Знает, что в семьдесят лет влюбляться глупо. «Но надо часто делать глупости, чтобы только продлить жизнь». Думает, что люди живут, пока смеют жить; живут и умирают по собственной воле. У него самого воля к жизни, смелость жизни бесконечная.
Как будто выпил, подобно Фаусту, эликсира вечной юности. Не умственное, не нравственное убеждение, а физическое чувство бессмертия.
И другим, глядя на него, а может быть, и ему самому приходит в голову странная мысль: умрет ли он когда-нибудь? Ну как такому умирать?
Когда же все-таки умер, Эккерман вошел в комнату его: «Обнаженное тело было обернуто белой простыней. Фридрих (старый слуга) отвернул простыню, и я подивился божественному великолепию этих членов.

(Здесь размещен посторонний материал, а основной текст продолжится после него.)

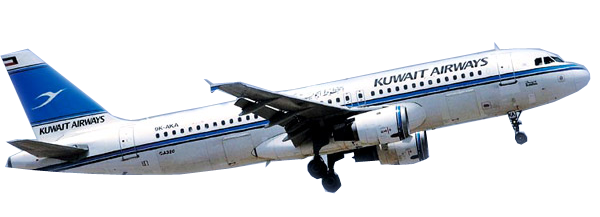 kuwait airways png flight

Грудь необычайно сильная, широкая и выпуклая; руки и ноги полные и нежные; следки ног изящны и правильны. Передо мною лежал совершенный человек в совершенной красоте, и восторг, который я почувствовал, заставил меня позабыть на миг, что бессмертный дух уже оставил эту оболочку».

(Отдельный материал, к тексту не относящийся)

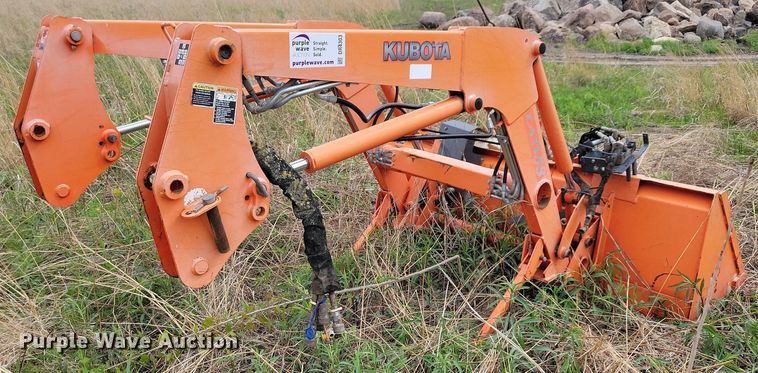 image for item DR4303 Kubota LA1153 loader bucket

Как будто и в смерти бессмертен.
«Обновляется, подобно орлу, юность твоя». Эту вечную юность он черпает из ее первоисточника — из природы обновляющей. Припал к ней, как ребенок к груди матери. Вот для кого мать сыра земля в самом деле — Мать.
«Я сравниваю землю, — говорит он по поводу своих барометрических наблюдений над земной атмосферой, — с огромным живым существом, которое постоянно вдыхает и выдыхает». С нею дышит и он, дитя ее, одним дыханием.
С природой одною он жизнью дышал.
Это не сравнение, а действительность. Опять-таки не умственно, не нравственно, а плотски, кровно, физически он связан с природой — с Душою Мира.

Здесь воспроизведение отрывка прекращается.